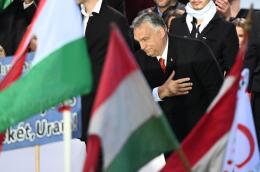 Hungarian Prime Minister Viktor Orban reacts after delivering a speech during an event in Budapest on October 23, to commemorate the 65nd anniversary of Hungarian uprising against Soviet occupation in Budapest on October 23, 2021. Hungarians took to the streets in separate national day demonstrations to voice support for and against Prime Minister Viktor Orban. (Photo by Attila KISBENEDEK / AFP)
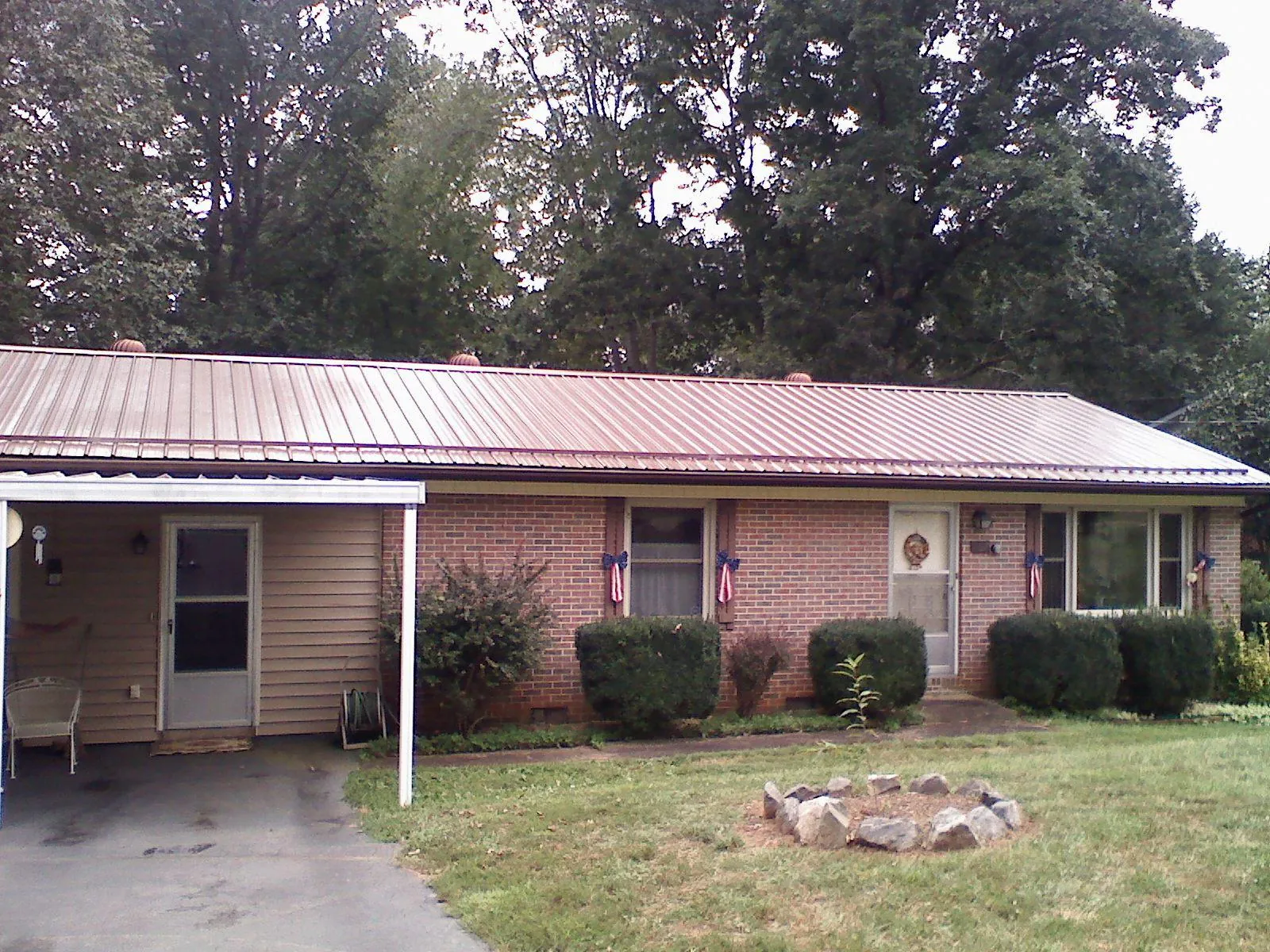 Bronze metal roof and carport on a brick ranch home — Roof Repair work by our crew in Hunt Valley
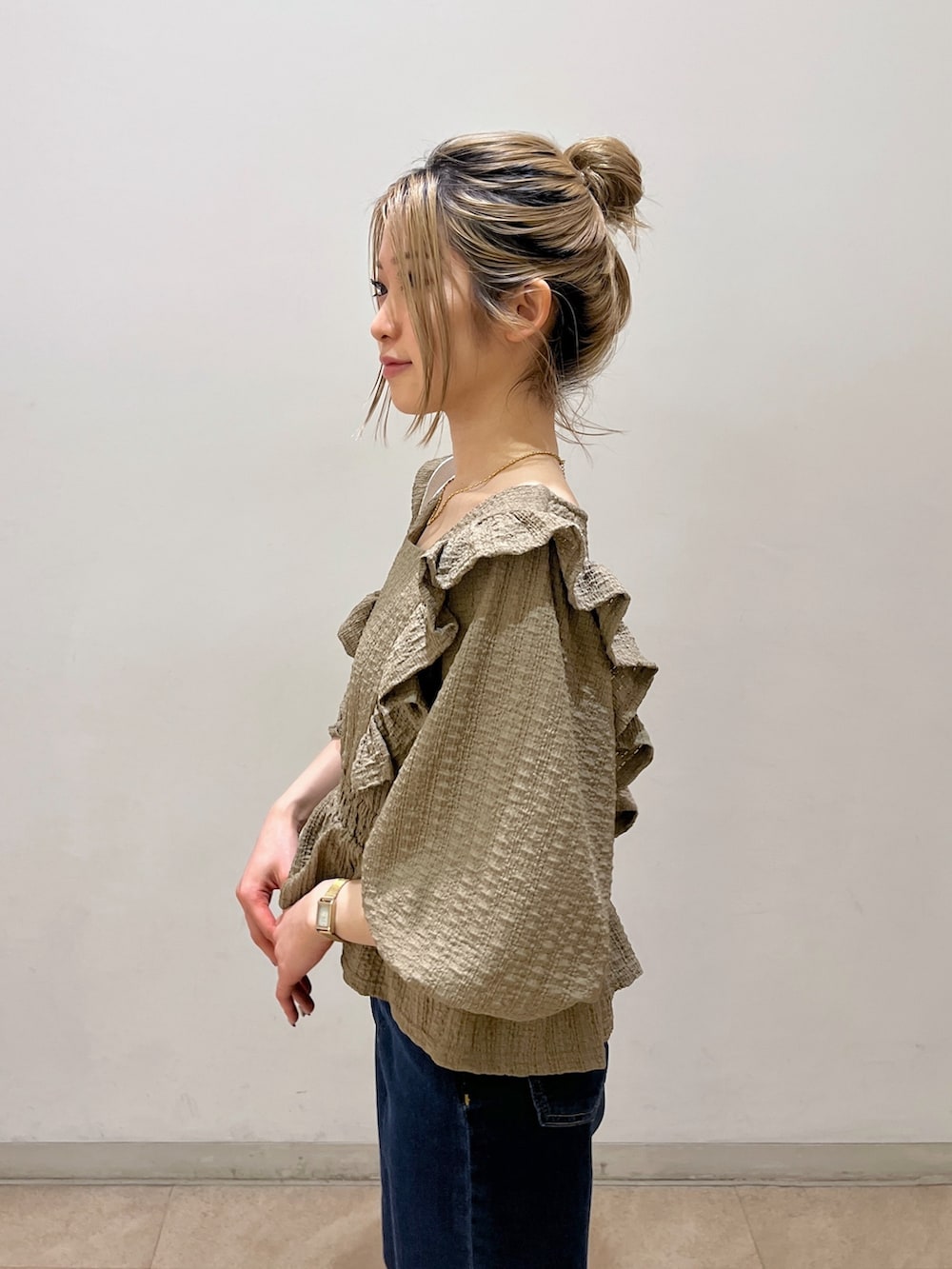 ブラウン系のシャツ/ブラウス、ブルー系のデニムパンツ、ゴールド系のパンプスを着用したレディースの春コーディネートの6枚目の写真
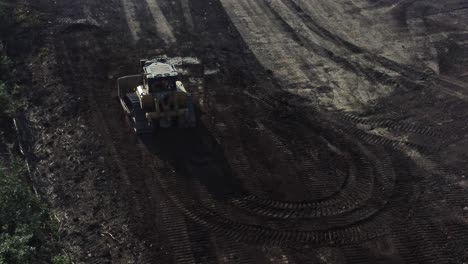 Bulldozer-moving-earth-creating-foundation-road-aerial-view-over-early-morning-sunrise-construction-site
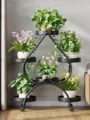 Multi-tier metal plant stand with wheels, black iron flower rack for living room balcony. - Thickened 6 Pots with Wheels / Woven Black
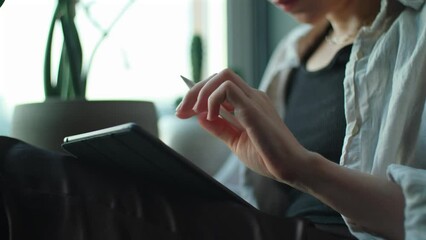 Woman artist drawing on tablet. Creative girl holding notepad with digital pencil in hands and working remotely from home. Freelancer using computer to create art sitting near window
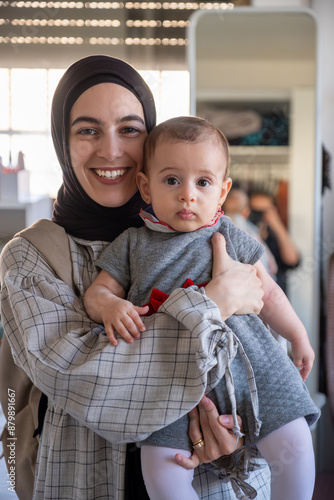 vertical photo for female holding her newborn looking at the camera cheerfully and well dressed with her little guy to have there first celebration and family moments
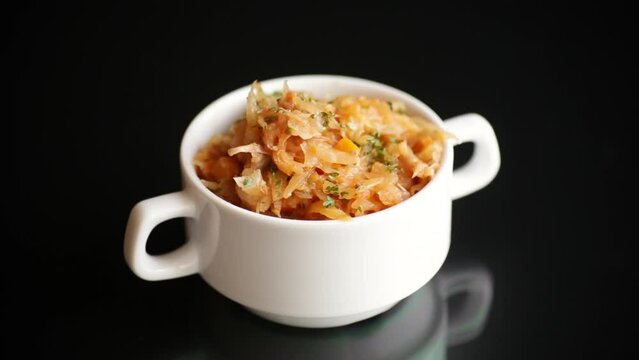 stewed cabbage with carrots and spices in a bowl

→ **WORK TO COMPLETE**: Copy exactly the lines that begin at the one containing "Multi-tier metal plant" and end at the last line of the records, both included, omitting the pictures.

→ **WRITTEN RESPONSE**:
 Multi-tier metal plant stand with wheels, black iron flower rack for living room balcony. - Thickened 6 Pots with Wheels / Woven Black
 Woman artist drawing on tablet. Creative girl holding notepad with digital pencil in hands and working remotely from home. Freelancer using computer to create art sitting near window
 vertical photo for female holding her newborn looking at the camera cheerfully and well dressed with her little guy to have there first celebration and family moments
 stewed cabbage with carrots and spices in a bowl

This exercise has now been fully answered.